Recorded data
━━━

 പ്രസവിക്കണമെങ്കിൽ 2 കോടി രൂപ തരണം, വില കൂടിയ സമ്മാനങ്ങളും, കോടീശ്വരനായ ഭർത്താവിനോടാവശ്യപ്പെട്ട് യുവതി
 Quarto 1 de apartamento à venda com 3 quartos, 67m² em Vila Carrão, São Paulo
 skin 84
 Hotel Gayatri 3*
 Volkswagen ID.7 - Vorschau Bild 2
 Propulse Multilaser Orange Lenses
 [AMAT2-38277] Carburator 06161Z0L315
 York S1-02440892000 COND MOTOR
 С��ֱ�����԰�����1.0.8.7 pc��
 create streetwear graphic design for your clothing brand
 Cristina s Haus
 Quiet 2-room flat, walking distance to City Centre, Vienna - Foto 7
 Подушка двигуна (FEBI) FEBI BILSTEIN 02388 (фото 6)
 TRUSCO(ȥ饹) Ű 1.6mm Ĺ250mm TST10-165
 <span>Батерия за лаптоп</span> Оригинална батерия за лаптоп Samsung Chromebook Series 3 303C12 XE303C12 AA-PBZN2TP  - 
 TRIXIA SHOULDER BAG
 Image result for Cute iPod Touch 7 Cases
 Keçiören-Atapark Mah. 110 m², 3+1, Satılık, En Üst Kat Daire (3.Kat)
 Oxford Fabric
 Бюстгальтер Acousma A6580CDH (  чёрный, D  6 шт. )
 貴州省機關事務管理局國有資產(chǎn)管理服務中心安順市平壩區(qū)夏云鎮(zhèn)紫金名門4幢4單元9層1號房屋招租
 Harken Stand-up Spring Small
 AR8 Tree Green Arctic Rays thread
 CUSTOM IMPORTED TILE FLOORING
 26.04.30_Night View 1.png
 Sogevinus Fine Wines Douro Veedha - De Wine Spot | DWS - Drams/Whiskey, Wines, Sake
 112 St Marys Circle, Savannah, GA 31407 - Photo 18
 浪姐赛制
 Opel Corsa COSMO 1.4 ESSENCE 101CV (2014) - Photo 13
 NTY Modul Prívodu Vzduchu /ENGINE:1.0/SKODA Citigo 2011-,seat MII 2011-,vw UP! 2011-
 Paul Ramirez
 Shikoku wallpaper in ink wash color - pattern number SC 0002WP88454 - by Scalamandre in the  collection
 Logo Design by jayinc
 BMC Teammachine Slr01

━━━

▸ Requirement
Nothing in the data above should change. Please copy it all.

▸ Problem solution
 പ്രസവിക്കണമെങ്കിൽ 2 കോടി രൂപ തരണം, വില കൂടിയ സമ്മാനങ്ങളും, കോടീശ്വരനായ ഭർത്താവിനോടാവശ്യപ്പെട്ട് യുവതി
 Quarto 1 de apartamento à venda com 3 quartos, 67m² em Vila Carrão, São Paulo
 skin 84
 Hotel Gayatri 3*
 Volkswagen ID.7 - Vorschau Bild 2
 Propulse Multilaser Orange Lenses
 [AMAT2-38277] Carburator 06161Z0L315
 York S1-02440892000 COND MOTOR
 С��ֱ�����԰�����1.0.8.7 pc��
 create streetwear graphic design for your clothing brand
 Cristina s Haus
 Quiet 2-room flat, walking distance to City Centre, Vienna - Foto 7
 Подушка двигуна (FEBI) FEBI BILSTEIN 02388 (фото 6)
 TRUSCO(ȥ饹) Ű 1.6mm Ĺ250mm TST10-165
 <span>Батерия за лаптоп</span> Оригинална батерия за лаптоп Samsung Chromebook Series 3 303C12 XE303C12 AA-PBZN2TP  - 
 TRIXIA SHOULDER BAG
 Image result for Cute iPod Touch 7 Cases
 Keçiören-Atapark Mah. 110 m², 3+1, Satılık, En Üst Kat Daire (3.Kat)
 Oxford Fabric
 Бюстгальтер Acousma A6580CDH (  чёрный, D  6 шт. )
 貴州省機關事務管理局國有資產(chǎn)管理服務中心安順市平壩區(qū)夏云鎮(zhèn)紫金名門4幢4單元9層1號房屋招租
 Harken Stand-up Spring Small
 AR8 Tree Green Arctic Rays thread
 CUSTOM IMPORTED TILE FLOORING
 26.04.30_Night View 1.png
 Sogevinus Fine Wines Douro Veedha - De Wine Spot | DWS - Drams/Whiskey, Wines, Sake
 112 St Marys Circle, Savannah, GA 31407 - Photo 18
 浪姐赛制
 Opel Corsa COSMO 1.4 ESSENCE 101CV (2014) - Photo 13
 NTY Modul Prívodu Vzduchu /ENGINE:1.0/SKODA Citigo 2011-,seat MII 2011-,vw UP! 2011-
 Paul Ramirez
 Shikoku wallpaper in ink wash color - pattern number SC 0002WP88454 - by Scalamandre in the  collection
 Logo Design by jayinc
 BMC Teammachine Slr01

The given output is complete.